I just heard a radio talk show caller say that he does not believe in global warming because the theory depends on computer climate models, and they are just garbage in garbage out. I regard this as an anti-science argument, because scientists nearly all believe that there is at least some validity to the data and models, and the caller has not identified any specific flaws.
Kuhn’s paradigm shift theory is similarly anti-science. It is a direct attack on what most scientists believe about science. You say that his thesis is meant to be a descriptive view, but that is a common misconception about Kuhn. He did write descriptions of science, such as a whole book on the early history of quantum theory, but he was never able to relate those descriptions to his paradigm thesis. Quantum theory had many rational and measurable advantages that everyone else recognized.
We are getting a little off-topic here, but this site seems to have a theme where scientists somehow got science all wrong on issues like reductionism, realism, free will, causality, positivism, unity, infinity, axiomatic math, paradigms, emergence, and empiricism. Maybe it should be renamed Anti-Scientia Salon. Okay, I sometimes think that the conventional wisdom is wrong also.
Vojinovic responded to some comments, but did not address any of my criticisms.
His argument is to say that popular scientist ideas about what science can do are all wrong, because he has some misunderstandings of some elementary paradoxes that are properly explained on the Wikipedia pages for
Second law of thermodynamics and
Goedels incompleteness theorem.
Of course there are plenty of crackpots saying stupid things about entropy and Goedel. Those two subjects are very well understood, and yet they seem to invite people to misunderstand them and say crazy things.
Moderator SciSal (aka Massimo Pigliucci)
responds:
Your own example of climate change denialism is a good one: that definitely is anti-science, for the reasons you mentioned. But Marko has been engaging in a philosophical discussion based on the available science, and he has taken positions that are compatible with the established science. Nothing to do with “anti-science.” Second, Kuhn was a physicist and historian of science. He described what he saw as a historical pattern. Since scientists don’t do history of science, it is pretty much irrelevant whether what Kuhn said did or did not go along with the opinions of most scientists: even if it didn’t, it wouldn’t be anti-science.
I am going to post another essay, just on his attitude about how philosophers know what science is about better than scientists.
But no, all of that is wrong. Marko has not engaged in a philosophical discussion, because he refuses to address my points. He has taken positions on entropy and Goedel that are contrary to textbook knowledge. Kuhn never found a historical pattern to back up his paradigm shift theory.

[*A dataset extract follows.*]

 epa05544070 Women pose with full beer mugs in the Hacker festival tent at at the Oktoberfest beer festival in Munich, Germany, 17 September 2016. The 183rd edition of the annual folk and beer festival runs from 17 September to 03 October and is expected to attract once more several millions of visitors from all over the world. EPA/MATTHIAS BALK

Kuhn certain was anti-science when he argued that science works by jumping on fads, without rational or measurable evidence.
What all this philosophical arguments have in common is that they are attacks on the idea that math and scientific methods can give us truth about the world.
All this academic philosophy of science is like listening to a Marxist professor. He will babble on and on about how 19th century trends prove the merits of a Marxist revolution. If you try to tell him that history does not back up his theories and his objectives are not desirable anyway, he will say that he is the professional historian and his Marxist colleagues agree with him.
Modern philosophy of science is like Marxism. It ignores history of the last century, it misunderstands history before that, it distorts everything for ideological purposes, and it is dominated by crackpots.
Update: I may post separately on how Goedel's theorem is widely misunderstood, even by academic philosophers who should know better. The theorem is well-explained on Wikipedia and elsewhere, so there is no excuse for it.